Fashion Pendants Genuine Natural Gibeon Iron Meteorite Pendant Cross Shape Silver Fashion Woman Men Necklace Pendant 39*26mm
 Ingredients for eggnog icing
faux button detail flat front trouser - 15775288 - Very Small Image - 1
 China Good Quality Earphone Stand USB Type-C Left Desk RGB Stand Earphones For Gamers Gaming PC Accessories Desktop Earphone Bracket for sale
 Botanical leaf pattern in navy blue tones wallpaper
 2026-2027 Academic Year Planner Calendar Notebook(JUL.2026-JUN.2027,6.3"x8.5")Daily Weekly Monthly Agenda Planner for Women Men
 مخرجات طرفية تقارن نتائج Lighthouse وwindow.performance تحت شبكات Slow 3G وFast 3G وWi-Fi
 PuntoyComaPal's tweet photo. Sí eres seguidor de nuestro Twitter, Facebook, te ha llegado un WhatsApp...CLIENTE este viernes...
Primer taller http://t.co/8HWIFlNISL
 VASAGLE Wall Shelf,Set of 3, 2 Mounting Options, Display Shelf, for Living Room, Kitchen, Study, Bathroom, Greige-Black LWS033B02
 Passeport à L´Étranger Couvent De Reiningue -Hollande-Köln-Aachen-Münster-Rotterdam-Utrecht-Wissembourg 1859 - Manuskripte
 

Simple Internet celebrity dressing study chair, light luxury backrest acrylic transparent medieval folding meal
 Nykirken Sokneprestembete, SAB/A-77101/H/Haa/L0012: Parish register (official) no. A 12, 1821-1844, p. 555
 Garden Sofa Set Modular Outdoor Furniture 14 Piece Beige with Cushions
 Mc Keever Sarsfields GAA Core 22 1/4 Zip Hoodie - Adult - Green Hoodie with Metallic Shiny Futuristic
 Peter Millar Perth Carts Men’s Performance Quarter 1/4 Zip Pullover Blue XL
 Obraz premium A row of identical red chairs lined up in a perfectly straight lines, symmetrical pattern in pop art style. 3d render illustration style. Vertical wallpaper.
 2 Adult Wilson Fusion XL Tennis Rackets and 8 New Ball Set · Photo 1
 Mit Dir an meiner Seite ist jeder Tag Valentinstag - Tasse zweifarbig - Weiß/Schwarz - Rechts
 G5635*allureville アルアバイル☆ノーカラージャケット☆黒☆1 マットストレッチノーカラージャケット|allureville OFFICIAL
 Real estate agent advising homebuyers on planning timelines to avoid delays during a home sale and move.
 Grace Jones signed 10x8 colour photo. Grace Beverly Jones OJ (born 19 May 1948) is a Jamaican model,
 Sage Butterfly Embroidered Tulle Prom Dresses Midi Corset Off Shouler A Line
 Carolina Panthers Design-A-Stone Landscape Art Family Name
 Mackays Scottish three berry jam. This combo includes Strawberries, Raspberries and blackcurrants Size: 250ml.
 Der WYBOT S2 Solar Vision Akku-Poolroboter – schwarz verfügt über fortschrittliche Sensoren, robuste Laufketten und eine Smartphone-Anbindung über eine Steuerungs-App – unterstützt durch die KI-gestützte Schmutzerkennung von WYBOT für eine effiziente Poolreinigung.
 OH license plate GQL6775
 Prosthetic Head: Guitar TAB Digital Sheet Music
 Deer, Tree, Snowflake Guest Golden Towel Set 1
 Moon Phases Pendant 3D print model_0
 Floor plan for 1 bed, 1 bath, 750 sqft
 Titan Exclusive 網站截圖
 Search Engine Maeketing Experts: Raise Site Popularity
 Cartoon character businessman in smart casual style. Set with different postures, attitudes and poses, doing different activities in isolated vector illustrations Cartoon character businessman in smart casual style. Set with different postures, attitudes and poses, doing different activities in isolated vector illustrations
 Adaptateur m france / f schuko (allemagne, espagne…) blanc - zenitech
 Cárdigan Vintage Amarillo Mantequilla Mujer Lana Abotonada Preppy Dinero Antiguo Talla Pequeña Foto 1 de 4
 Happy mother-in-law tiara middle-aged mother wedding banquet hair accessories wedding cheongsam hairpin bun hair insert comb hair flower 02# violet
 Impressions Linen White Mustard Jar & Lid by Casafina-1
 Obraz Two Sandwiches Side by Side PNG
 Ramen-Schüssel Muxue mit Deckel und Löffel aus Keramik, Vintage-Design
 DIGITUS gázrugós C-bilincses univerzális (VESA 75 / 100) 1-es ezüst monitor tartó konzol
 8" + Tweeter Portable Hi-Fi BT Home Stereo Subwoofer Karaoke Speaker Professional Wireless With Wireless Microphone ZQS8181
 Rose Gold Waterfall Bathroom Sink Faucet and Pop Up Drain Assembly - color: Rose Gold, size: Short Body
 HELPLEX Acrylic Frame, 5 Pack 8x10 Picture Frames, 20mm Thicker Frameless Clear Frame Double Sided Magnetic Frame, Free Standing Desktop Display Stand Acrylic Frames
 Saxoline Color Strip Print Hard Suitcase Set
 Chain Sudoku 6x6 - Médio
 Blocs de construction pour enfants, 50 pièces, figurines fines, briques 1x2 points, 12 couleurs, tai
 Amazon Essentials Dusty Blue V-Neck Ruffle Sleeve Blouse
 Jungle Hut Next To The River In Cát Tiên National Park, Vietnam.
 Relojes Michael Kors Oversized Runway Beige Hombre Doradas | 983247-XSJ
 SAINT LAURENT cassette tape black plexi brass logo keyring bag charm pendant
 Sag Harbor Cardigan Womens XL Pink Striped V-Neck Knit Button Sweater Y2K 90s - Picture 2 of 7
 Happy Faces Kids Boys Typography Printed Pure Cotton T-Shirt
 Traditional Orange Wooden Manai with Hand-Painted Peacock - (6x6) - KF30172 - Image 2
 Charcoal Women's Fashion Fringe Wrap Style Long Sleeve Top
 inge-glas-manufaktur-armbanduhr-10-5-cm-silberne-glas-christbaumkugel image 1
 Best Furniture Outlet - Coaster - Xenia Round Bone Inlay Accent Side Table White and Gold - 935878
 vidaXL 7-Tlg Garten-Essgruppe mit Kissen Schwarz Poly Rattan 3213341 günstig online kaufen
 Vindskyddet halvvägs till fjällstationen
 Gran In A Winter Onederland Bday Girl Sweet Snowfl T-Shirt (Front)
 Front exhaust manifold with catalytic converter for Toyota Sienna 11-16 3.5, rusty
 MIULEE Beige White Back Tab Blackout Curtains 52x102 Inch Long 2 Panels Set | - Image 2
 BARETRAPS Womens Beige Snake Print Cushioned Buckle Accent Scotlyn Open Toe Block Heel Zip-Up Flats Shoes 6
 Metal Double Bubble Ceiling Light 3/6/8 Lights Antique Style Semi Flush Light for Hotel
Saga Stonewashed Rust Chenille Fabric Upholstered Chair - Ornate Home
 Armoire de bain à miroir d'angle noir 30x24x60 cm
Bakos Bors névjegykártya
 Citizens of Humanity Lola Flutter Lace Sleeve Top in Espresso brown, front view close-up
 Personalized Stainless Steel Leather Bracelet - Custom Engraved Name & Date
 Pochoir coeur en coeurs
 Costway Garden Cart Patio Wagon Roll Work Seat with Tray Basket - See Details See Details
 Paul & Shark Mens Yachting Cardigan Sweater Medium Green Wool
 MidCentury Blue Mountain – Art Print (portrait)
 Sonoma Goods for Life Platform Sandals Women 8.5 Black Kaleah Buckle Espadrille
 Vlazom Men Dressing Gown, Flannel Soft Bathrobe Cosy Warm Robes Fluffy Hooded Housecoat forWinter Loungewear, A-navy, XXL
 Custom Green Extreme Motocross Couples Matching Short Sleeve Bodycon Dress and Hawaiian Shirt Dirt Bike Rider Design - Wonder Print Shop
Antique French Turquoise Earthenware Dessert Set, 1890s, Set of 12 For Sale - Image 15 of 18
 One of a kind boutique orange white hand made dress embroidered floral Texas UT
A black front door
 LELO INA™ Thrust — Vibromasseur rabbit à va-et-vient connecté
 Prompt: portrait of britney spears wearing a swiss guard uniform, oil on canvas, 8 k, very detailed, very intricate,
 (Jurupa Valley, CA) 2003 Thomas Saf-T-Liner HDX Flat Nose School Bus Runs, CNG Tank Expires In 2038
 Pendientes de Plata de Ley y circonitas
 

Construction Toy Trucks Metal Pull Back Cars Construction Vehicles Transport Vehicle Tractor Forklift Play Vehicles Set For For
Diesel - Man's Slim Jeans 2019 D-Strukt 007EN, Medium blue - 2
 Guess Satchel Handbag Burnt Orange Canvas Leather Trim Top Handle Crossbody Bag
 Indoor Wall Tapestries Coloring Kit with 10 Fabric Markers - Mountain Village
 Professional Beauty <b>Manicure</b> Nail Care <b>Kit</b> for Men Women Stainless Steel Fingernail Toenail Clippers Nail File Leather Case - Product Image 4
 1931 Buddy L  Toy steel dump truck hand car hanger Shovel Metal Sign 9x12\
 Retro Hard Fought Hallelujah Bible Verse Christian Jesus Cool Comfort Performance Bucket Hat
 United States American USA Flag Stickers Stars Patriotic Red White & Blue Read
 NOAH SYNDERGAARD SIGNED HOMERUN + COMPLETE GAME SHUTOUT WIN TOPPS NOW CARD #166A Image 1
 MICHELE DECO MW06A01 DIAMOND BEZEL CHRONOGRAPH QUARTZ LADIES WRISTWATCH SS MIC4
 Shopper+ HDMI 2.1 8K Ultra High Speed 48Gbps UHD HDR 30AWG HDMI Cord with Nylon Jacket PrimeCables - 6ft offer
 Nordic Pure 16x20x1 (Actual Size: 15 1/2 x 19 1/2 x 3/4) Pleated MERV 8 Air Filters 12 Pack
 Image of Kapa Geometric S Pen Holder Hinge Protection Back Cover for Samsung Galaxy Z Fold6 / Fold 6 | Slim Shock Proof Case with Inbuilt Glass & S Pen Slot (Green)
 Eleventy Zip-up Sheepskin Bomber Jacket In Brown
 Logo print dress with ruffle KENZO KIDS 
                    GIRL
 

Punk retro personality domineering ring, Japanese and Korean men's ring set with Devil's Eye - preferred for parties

··········

**What to produce:**
Above are the records. Print exactly, and only, the lines from the line with "Adaptateur m france" to the line with "DIGITUS gázrugós C-bilincses", both inclusive.

**Answer section:**
 Adaptateur m france / f schuko (allemagne, espagne…) blanc - zenitech
 Cárdigan Vintage Amarillo Mantequilla Mujer Lana Abotonada Preppy Dinero Antiguo Talla Pequeña Foto 1 de 4
 Happy mother-in-law tiara middle-aged mother wedding banquet hair accessories wedding cheongsam hairpin bun hair insert comb hair flower 02# violet
 Impressions Linen White Mustard Jar & Lid by Casafina-1
 Obraz Two Sandwiches Side by Side PNG
 Ramen-Schüssel Muxue mit Deckel und Löffel aus Keramik, Vintage-Design
 DIGITUS gázrugós C-bilincses univerzális (VESA 75 / 100) 1-es ezüst monitor tartó konzol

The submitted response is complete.